[[ Dataset content, beginning ]]

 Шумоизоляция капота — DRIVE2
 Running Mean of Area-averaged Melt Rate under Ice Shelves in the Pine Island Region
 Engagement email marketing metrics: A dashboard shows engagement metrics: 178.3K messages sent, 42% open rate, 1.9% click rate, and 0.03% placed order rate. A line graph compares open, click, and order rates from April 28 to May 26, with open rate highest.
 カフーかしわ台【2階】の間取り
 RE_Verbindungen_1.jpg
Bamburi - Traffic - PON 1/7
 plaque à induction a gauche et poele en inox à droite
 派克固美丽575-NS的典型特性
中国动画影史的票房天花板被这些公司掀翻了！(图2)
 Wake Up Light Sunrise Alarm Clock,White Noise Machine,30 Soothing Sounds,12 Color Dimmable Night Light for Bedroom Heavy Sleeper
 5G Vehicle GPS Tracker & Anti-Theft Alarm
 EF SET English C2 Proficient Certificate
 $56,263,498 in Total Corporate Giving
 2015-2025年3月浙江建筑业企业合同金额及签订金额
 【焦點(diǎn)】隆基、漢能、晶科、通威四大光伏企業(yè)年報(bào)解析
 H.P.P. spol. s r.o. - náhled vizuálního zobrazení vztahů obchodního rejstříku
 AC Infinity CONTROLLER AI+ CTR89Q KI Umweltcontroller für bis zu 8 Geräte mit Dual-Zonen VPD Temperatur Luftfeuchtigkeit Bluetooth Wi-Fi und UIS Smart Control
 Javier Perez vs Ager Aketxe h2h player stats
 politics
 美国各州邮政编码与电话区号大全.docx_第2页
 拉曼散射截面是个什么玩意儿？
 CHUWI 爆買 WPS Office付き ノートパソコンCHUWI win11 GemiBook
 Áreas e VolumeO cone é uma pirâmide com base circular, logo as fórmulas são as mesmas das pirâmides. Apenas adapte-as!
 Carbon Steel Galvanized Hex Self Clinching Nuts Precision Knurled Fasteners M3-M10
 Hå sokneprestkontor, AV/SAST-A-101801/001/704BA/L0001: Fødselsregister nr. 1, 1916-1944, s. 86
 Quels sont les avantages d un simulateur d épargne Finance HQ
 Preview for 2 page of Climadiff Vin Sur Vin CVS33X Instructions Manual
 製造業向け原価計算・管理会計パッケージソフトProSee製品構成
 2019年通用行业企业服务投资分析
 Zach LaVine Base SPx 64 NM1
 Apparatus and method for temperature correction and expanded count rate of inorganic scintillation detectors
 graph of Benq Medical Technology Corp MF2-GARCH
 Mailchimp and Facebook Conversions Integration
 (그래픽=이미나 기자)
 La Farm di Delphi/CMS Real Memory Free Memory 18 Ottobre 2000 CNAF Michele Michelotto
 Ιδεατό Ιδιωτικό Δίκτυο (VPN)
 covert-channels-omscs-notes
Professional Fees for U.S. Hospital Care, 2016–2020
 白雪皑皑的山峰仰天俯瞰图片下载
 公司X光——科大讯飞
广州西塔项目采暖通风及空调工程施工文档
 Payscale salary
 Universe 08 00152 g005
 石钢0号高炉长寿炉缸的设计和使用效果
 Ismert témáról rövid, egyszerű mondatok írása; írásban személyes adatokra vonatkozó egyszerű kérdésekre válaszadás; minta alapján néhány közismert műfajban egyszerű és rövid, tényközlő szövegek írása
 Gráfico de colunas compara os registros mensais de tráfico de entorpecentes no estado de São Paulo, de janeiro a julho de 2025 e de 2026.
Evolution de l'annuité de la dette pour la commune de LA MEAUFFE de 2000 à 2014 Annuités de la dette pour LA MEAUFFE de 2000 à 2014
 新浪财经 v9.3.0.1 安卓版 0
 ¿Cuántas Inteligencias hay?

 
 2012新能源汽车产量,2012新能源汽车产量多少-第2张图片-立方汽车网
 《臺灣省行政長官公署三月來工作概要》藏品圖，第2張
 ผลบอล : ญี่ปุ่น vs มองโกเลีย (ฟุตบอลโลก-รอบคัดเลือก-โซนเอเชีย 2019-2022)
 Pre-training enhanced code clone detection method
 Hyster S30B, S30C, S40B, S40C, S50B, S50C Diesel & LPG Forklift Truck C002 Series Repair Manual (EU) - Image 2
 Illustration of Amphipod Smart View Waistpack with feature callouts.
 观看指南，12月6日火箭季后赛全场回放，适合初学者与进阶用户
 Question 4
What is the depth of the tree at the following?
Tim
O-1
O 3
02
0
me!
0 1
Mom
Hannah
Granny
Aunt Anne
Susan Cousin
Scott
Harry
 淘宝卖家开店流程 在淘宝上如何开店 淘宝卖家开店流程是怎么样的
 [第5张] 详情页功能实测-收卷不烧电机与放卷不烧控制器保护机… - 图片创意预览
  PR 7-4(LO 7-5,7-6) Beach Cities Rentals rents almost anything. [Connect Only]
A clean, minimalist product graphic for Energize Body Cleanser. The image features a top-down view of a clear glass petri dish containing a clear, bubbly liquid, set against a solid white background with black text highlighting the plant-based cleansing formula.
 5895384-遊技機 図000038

[[ Dataset content, end ]]

§ About this exercise
Take exactly the lines from the one containing "派克固美丽575-NS的典型特性" through the one containing "2015-2025年3月浙江建筑业企业合同金额及签订金额" in the data above, and output them with nothing added.

§ Result for this task
 派克固美丽575-NS的典型特性
中国动画影史的票房天花板被这些公司掀翻了！(图2)
 Wake Up Light Sunrise Alarm Clock,White Noise Machine,30 Soothing Sounds,12 Color Dimmable Night Light for Bedroom Heavy Sleeper
 5G Vehicle GPS Tracker & Anti-Theft Alarm
 EF SET English C2 Proficient Certificate
 $56,263,498 in Total Corporate Giving
 2015-2025年3月浙江建筑业企业合同金额及签订金额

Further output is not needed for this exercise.